First, let’s stipulate that such pages
stand as utter condemnation of the incredibly unjust health care system this
country still has, but this is only partially about that.
In any case, rather than tweet down the
man’s throat, Oswalt donated $2,000 to the man and tweeted out to his 4 million
followers:
This dude just attacked me on Twitter and I joked back but
then I looked at his timeline and he's in a lot of trouble health-wise. I'd be
pissed off too. He's been dealt some s***** cards — let's deal him some good
ones."
The guy’s fundraising effort had been
in the hundreds of dollars; it’s grown to around $50,000 now, and the Alabaman
man says that “when he wrote those angry tweets he was in a bad place, angry at
himself for letting his health deteriorate: ‘It was easy to snap back and
snarl,’” he said. But “the empathy shown towards him changed him. He’s begun to
think: ‘People are good.’ […] One-on-one, ‘people are caring, generous,
helpful.’”[1]
Who knew that Twitter could prompt
transfiguration? But, then, transfigurations are a lot more common than most of
us imagine. They happen all the time, in fact, in all kinds of places, to all
kinds of people, in all kinds of ways.
About a dozen years ago I was
struggling with depression and having a hard time keeping myself in any kind of
shape. I have run for exercise off and on since I was a teenager, but I had
never thought of myself as a runner. As some of you know, one of my younger
brothers is an accomplished middle-distance runner who still competes as a
masters runner in national cross-country team events. The last time I finished
ahead of him in a race he was 14 and I was a senior in high school. About two
weeks after that he finished ahead of me in our first cross-country meet of the
fall and I’ve never been close since.
He went on to college on a
cross-country scholarship and became all-conference. He’s a runner. How can I
call myself one compared to that? Looking through the broken glass of time,
accomplishment, sibling stuff, doubt, and all the rest, what do I see?
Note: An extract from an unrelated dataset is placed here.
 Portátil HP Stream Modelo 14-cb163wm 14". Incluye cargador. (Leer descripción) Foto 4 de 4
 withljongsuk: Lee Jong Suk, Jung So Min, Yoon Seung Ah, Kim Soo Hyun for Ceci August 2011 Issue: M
But, in the midst of the depression I
was wrestling with, I had a brief – like 90-second – conversation with David
LaMotte that reframed a great deal for me. I didn’t know David well at the
time, but he was in town to sing for Christian Peace Witness for Iraq, on whose
national steering committee I sat.
We were in the sanctuary at New York
Avenue Presbyterian Church. I was doing some set up for a worship that evening
and David was doing a sound check. He noticed me checking out one of his
guitars and said, “do you play?”
I said, “I’m a campfire strummer but
I’m not a real musician.”
He stopped me and said simply, “if you
make music, you’re a musician.”
If you make music, you’re a musician.
If you make art, you’re an artist. If you write poetry, you’re a poet. If you
run, you’re a runner.
In that brief moment, I was
transfigured. I can’t say I haven’t struggled off and on with depression since,
but I will say that, for me, exercise has always been the most helpful
treatment, and within two years of that conversation I’d run a 10k for the
first time in about 25 years, and a 15k for the first time in my life.
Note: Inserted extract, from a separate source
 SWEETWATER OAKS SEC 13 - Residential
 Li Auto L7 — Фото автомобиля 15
Neither of them swiftly, to be certain.
But, with perseverance I began running, and began to own the label: I am a
runner. I also rededicated energy to song-writing and making music, and though
I still find it somewhat challenging to say so, I am a musician.
So, what do this story about rage
tweets or this overly long gaze in the mirror have to do with the text before
us, or with anything more significant than Twitter feeds or a middle-aged
runner who likes to make music?
Simply this: I am fairly certain that
lots of folks around me called me a runner long before I called myself one, and
lots of folks around me called me a guitar player long before I called myself
one, and I would hazard a guess that the Alabama guy has had friends along the
way who have seen him very differently than he saw himself as he tweeted out
his frustrations at an actor he’d never met.
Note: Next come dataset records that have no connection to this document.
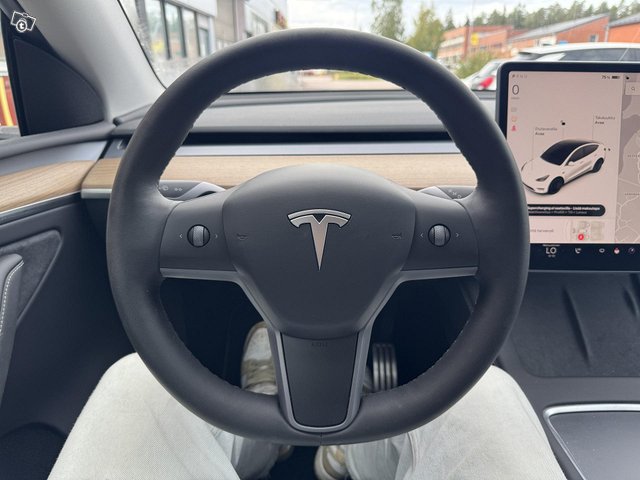 Tesla Model Y 10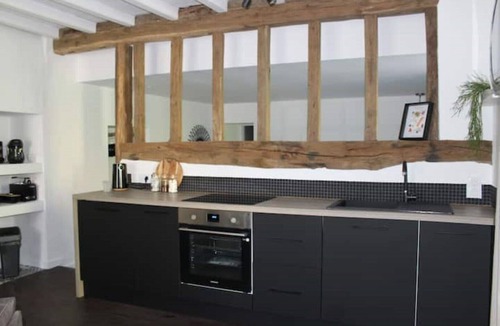 Busserolles Cottage | Fig Tree Cottage-Idyllic retreat in a National Park180x190 Bed or 2x90x190 Beds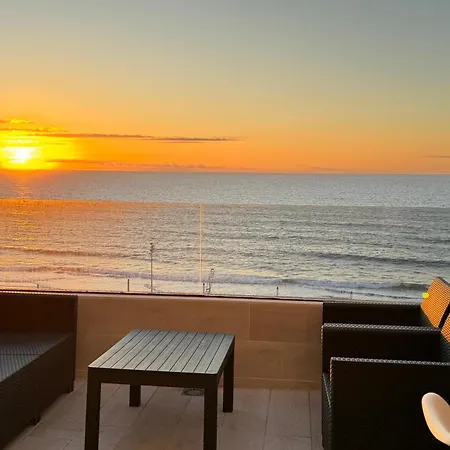 Atico Vistas Mar Playa Canteras Apartment *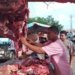 Pedagang daging di Pasar Darussalam, Banda Aceh sedang melayani pembeli. (Foto: Alibi/Fahzian Aldevan)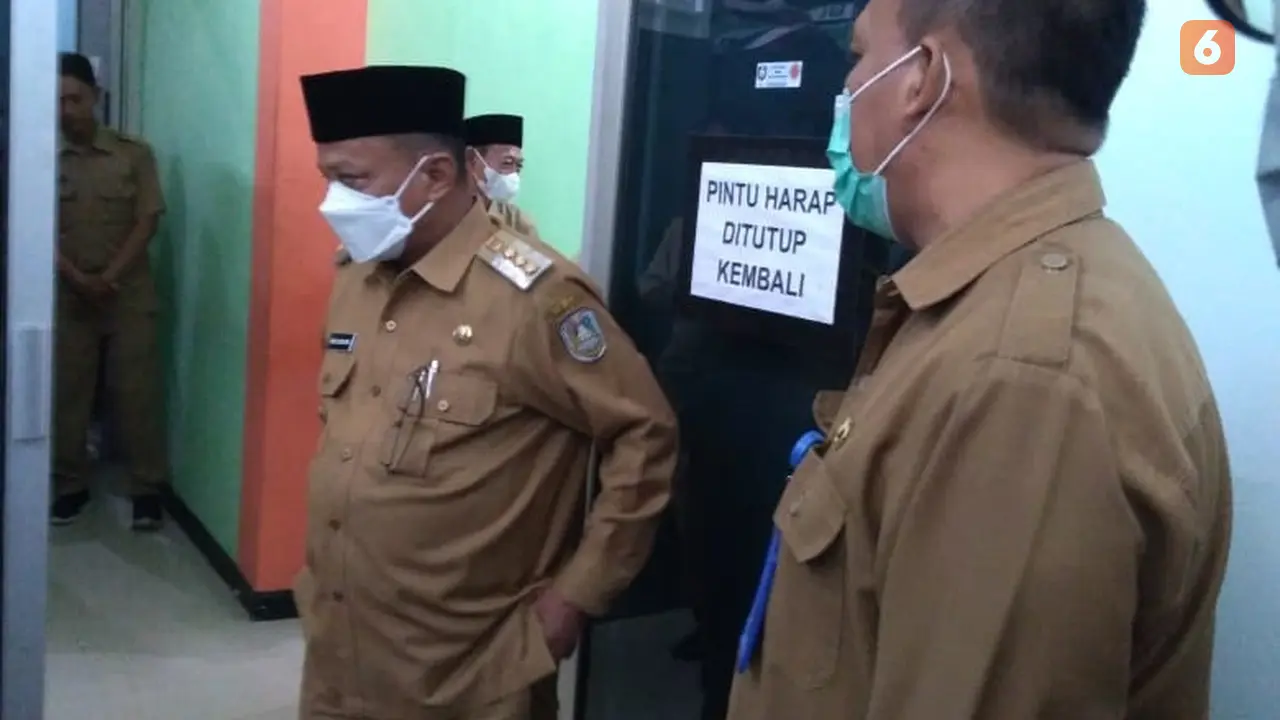 Bupati Situbondo Karna Suwandi lakukan sidak di sejumlah SKPD pada hari pertama masuk kerja pasca libur Lebaran (Hermawan Arifianto/Liputan6.com)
Transfigurations are usually pretty
obvious to everyone except the one who needs to experience one.
I’ve been thinking about that this week
with respect to our United Methodist friends.
It seems pretty obvious from the
outside looking in that a community grounded in John Wesley’s conviction that
God’s love is the foundation of our lives ought to have figured out by now a
more loving embrace of its LGBTQIA children.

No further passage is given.